**TASK DIRECTIONS:** Copy out the records that follow, leaving every character as it is.

+===+

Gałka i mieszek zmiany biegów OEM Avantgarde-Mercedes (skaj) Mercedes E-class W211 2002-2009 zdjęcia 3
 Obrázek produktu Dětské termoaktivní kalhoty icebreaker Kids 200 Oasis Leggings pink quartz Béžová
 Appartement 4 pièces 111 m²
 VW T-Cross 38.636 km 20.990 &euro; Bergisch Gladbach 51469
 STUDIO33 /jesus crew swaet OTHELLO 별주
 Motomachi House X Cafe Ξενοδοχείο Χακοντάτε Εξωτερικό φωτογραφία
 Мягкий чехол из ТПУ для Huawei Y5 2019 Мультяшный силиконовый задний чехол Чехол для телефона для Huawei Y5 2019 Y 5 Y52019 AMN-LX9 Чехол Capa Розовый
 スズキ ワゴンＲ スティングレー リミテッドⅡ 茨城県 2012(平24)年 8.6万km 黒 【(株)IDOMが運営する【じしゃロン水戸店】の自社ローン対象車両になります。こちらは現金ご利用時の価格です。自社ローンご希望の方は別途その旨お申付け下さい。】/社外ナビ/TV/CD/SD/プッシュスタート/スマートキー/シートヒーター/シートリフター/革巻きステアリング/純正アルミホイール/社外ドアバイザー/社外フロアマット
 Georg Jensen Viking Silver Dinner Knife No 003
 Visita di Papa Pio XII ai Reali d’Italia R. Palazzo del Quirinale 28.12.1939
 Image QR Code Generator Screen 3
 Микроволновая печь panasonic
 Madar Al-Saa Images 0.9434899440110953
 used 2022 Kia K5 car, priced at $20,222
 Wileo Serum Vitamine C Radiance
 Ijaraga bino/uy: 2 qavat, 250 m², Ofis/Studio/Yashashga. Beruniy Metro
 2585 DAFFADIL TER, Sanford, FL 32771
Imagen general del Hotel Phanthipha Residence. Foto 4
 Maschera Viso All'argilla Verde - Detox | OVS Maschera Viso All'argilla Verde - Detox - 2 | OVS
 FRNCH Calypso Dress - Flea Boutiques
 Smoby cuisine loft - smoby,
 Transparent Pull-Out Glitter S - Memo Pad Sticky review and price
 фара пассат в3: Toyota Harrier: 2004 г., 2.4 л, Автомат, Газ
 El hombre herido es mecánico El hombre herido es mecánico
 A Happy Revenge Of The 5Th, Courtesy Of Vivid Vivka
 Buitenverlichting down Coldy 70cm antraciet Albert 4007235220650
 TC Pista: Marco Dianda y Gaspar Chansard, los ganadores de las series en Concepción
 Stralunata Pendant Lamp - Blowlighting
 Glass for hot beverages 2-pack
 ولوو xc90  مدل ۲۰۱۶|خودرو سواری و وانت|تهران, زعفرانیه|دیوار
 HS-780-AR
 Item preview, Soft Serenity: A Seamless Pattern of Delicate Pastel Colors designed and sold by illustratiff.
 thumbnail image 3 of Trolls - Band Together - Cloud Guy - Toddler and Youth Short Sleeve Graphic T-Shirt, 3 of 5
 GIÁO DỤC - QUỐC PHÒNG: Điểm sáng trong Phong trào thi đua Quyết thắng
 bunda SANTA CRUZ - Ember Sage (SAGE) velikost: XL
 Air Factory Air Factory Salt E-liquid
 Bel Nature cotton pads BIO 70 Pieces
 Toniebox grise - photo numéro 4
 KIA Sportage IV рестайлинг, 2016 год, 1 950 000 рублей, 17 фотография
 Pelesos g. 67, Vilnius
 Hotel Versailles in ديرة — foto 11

+===+

**EXERCISE SOLUTION:**
Gałka i mieszek zmiany biegów OEM Avantgarde-Mercedes (skaj) Mercedes E-class W211 2002-2009 zdjęcia 3
 Obrázek produktu Dětské termoaktivní kalhoty icebreaker Kids 200 Oasis Leggings pink quartz Béžová
 Appartement 4 pièces 111 m²
 VW T-Cross 38.636 km 20.990 &euro; Bergisch Gladbach 51469
 STUDIO33 /jesus crew swaet OTHELLO 별주
 Motomachi House X Cafe Ξενοδοχείο Χακοντάτε Εξωτερικό φωτογραφία
 Мягкий чехол из ТПУ для Huawei Y5 2019 Мультяшный силиконовый задний чехол Чехол для телефона для Huawei Y5 2019 Y 5 Y52019 AMN-LX9 Чехол Capa Розовый
 スズキ ワゴンＲ スティングレー リミテッドⅡ 茨城県 2012(平24)年 8.6万km 黒 【(株)IDOMが運営する【じしゃロン水戸店】の自社ローン対象車両になります。こちらは現金ご利用時の価格です。自社ローンご希望の方は別途その旨お申付け下さい。】/社外ナビ/TV/CD/SD/プッシュスタート/スマートキー/シートヒーター/シートリフター/革巻きステアリング/純正アルミホイール/社外ドアバイザー/社外フロアマット
 Georg Jensen Viking Silver Dinner Knife No 003
 Visita di Papa Pio XII ai Reali d’Italia R. Palazzo del Quirinale 28.12.1939
 Image QR Code Generator Screen 3
 Микроволновая печь panasonic
 Madar Al-Saa Images 0.9434899440110953
 used 2022 Kia K5 car, priced at $20,222
 Wileo Serum Vitamine C Radiance
 Ijaraga bino/uy: 2 qavat, 250 m², Ofis/Studio/Yashashga. Beruniy Metro
 2585 DAFFADIL TER, Sanford, FL 32771
Imagen general del Hotel Phanthipha Residence. Foto 4
 Maschera Viso All'argilla Verde - Detox | OVS Maschera Viso All'argilla Verde - Detox - 2 | OVS
 FRNCH Calypso Dress - Flea Boutiques
 Smoby cuisine loft - smoby,
 Transparent Pull-Out Glitter S - Memo Pad Sticky review and price
 фара пассат в3: Toyota Harrier: 2004 г., 2.4 л, Автомат, Газ
 El hombre herido es mecánico El hombre herido es mecánico
 A Happy Revenge Of The 5Th, Courtesy Of Vivid Vivka
 Buitenverlichting down Coldy 70cm antraciet Albert 4007235220650
 TC Pista: Marco Dianda y Gaspar Chansard, los ganadores de las series en Concepción
 Stralunata Pendant Lamp - Blowlighting
 Glass for hot beverages 2-pack
 ولوو xc90  مدل ۲۰۱۶|خودرو سواری و وانت|تهران, زعفرانیه|دیوار
 HS-780-AR
 Item preview, Soft Serenity: A Seamless Pattern of Delicate Pastel Colors designed and sold by illustratiff.
 thumbnail image 3 of Trolls - Band Together - Cloud Guy - Toddler and Youth Short Sleeve Graphic T-Shirt, 3 of 5
 GIÁO DỤC - QUỐC PHÒNG: Điểm sáng trong Phong trào thi đua Quyết thắng
 bunda SANTA CRUZ - Ember Sage (SAGE) velikost: XL
 Air Factory Air Factory Salt E-liquid
 Bel Nature cotton pads BIO 70 Pieces
 Toniebox grise - photo numéro 4
 KIA Sportage IV рестайлинг, 2016 год, 1 950 000 рублей, 17 фотография
 Pelesos g. 67, Vilnius
 Hotel Versailles in ديرة — foto 11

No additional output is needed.